_Work to be completed_.
Return the lines below exactly, please, from the one containing "Anillo Effy Canare" through the last one, both included, and leave out any pictures.

_Data_.

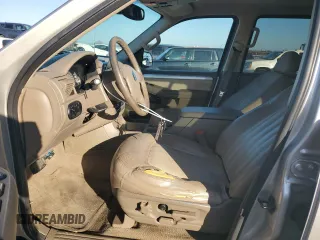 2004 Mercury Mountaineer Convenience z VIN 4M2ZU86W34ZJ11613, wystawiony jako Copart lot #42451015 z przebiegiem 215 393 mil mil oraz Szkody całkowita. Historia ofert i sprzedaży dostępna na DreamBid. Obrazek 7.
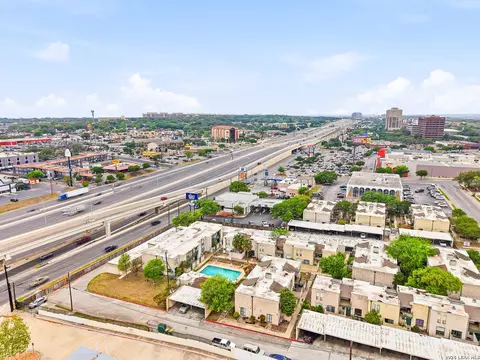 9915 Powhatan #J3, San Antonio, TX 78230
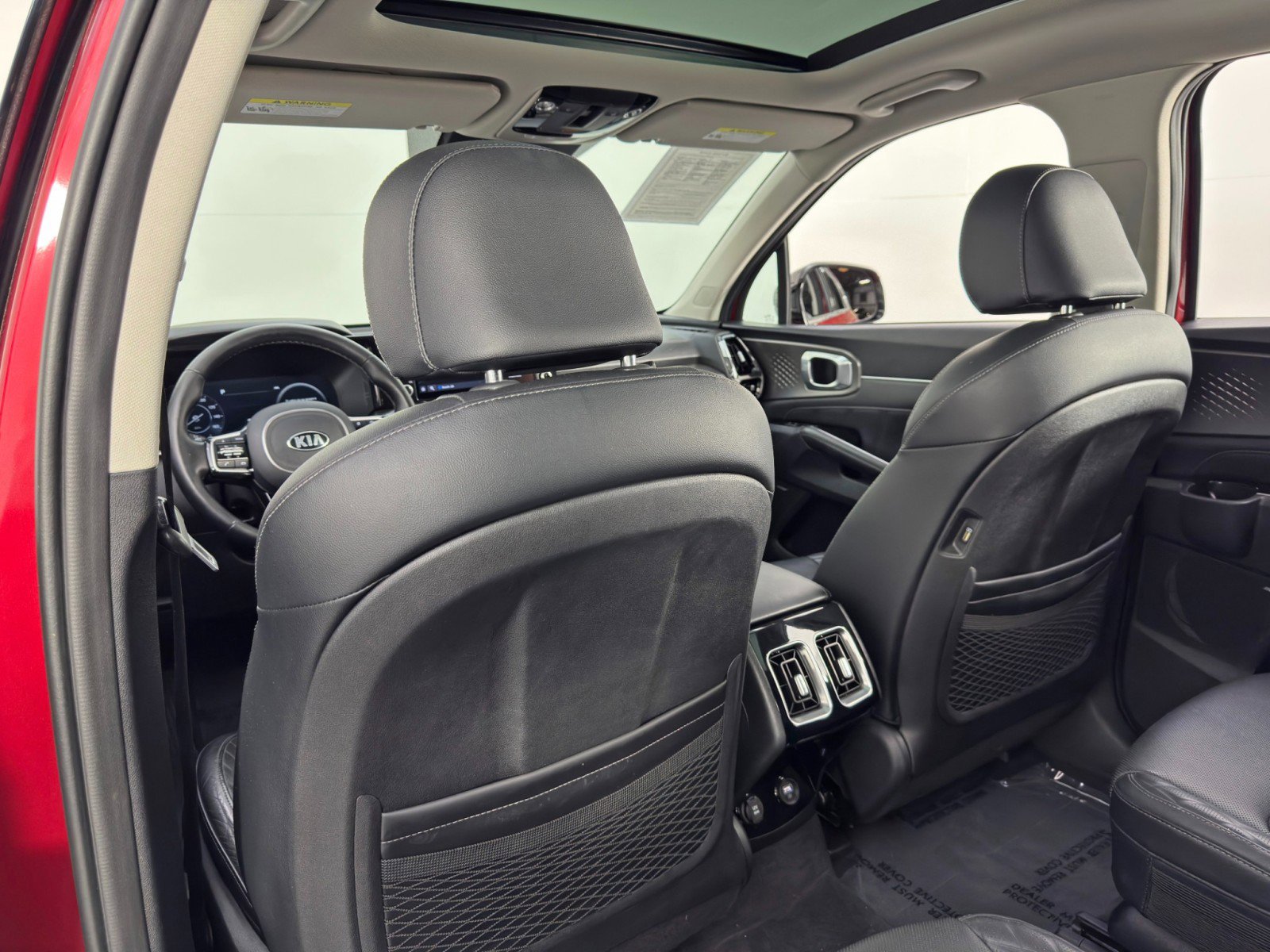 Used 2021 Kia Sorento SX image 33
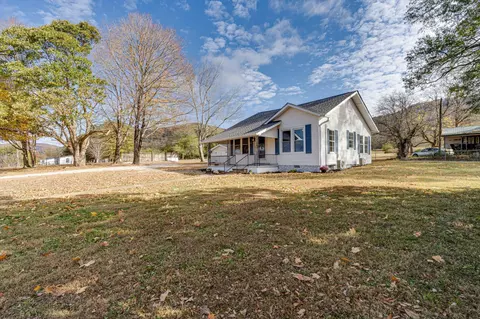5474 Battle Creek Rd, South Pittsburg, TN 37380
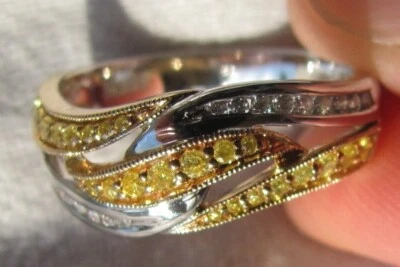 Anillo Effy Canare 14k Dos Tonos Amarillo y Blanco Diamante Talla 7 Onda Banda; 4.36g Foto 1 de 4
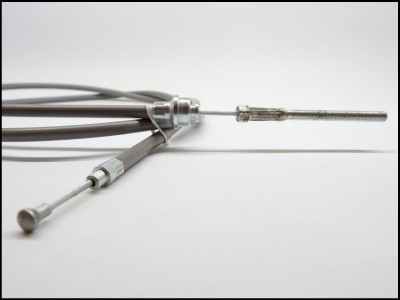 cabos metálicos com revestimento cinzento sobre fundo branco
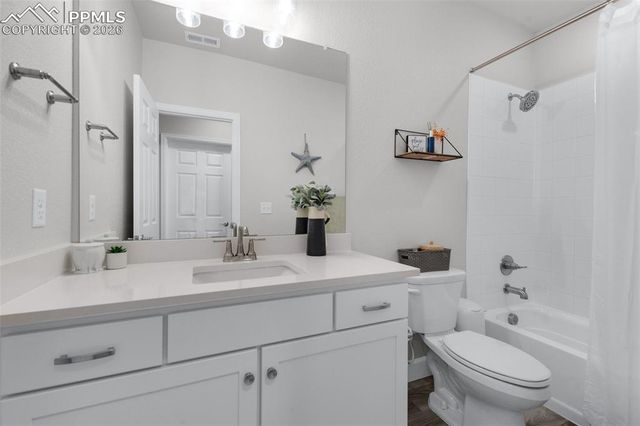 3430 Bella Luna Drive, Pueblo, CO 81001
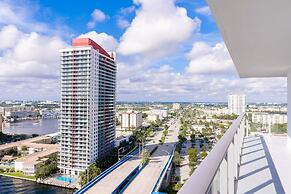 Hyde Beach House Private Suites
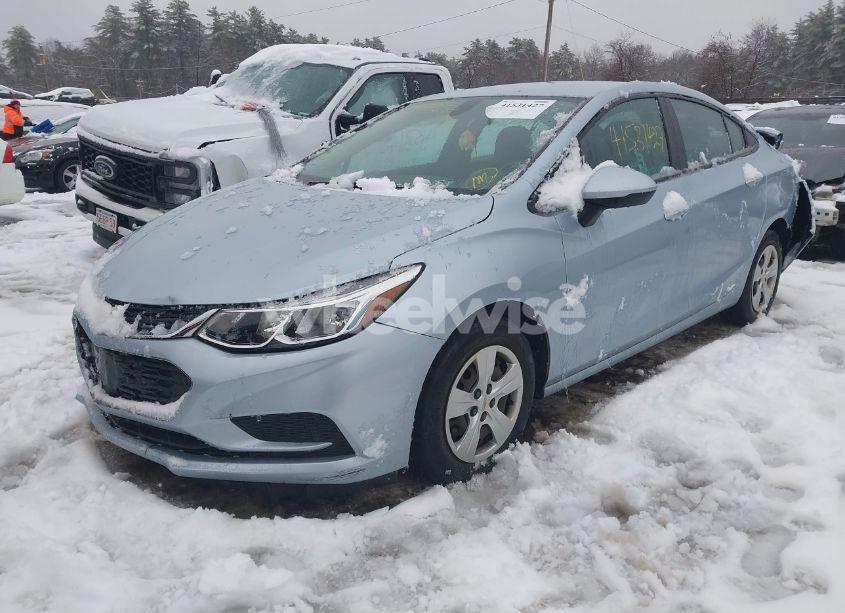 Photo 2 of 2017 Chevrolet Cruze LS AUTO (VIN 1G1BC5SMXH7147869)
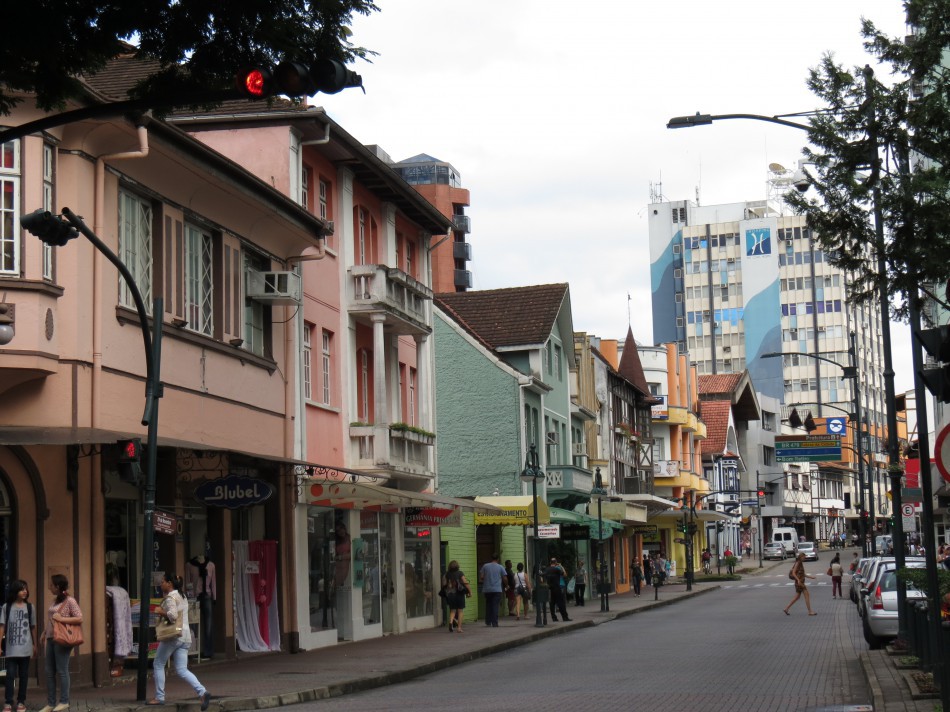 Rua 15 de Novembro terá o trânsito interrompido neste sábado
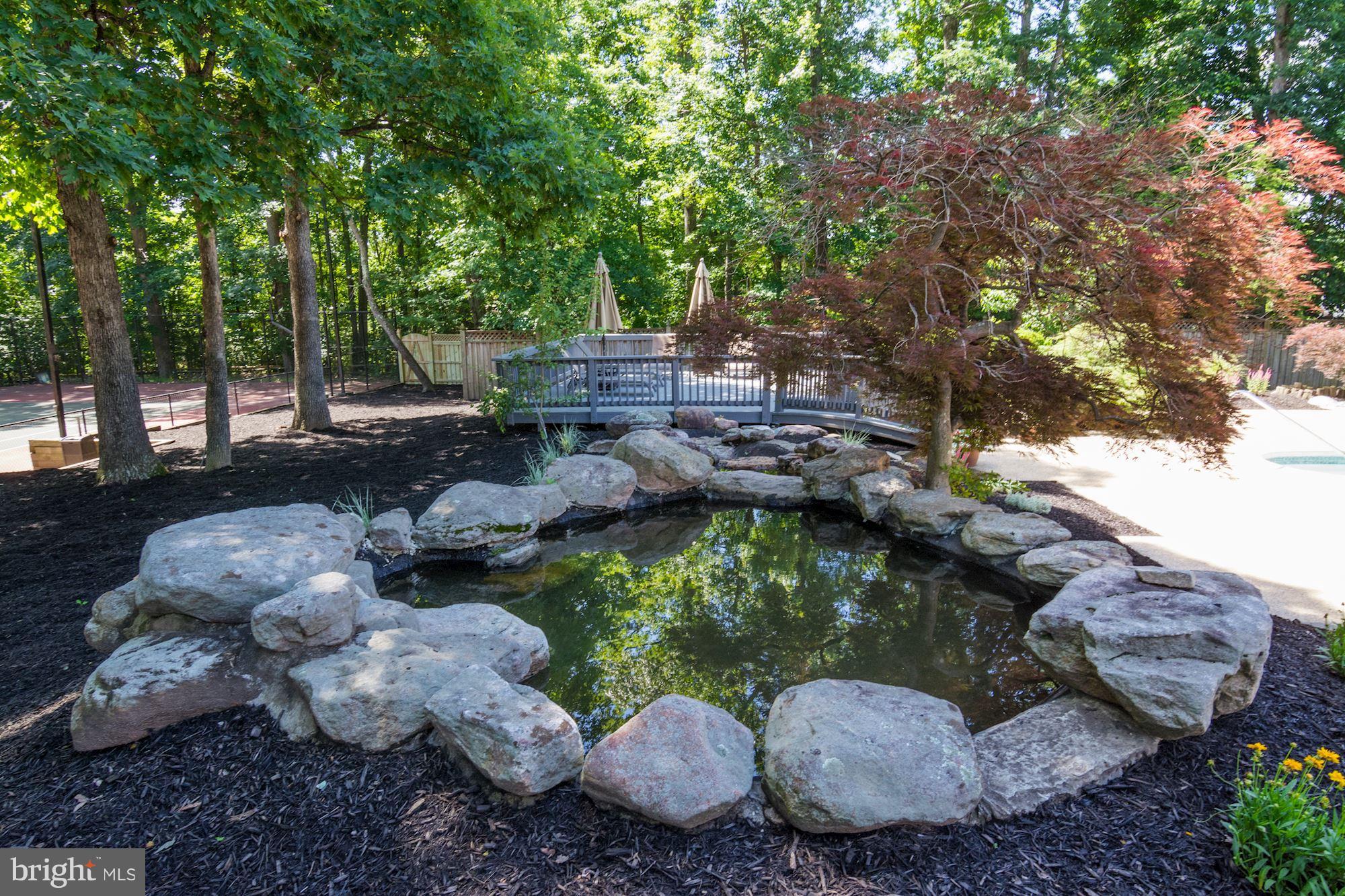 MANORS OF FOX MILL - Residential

_Solution to this problem_.
 Anillo Effy Canare 14k Dos Tonos Amarillo y Blanco Diamante Talla 7 Onda Banda; 4.36g Foto 1 de 4
 cabos metálicos com revestimento cinzento sobre fundo branco
 3430 Bella Luna Drive, Pueblo, CO 81001
 Hyde Beach House Private Suites
 Photo 2 of 2017 Chevrolet Cruze LS AUTO (VIN 1G1BC5SMXH7147869)
 Rua 15 de Novembro terá o trânsito interrompido neste sábado
 MANORS OF FOX MILL - Residential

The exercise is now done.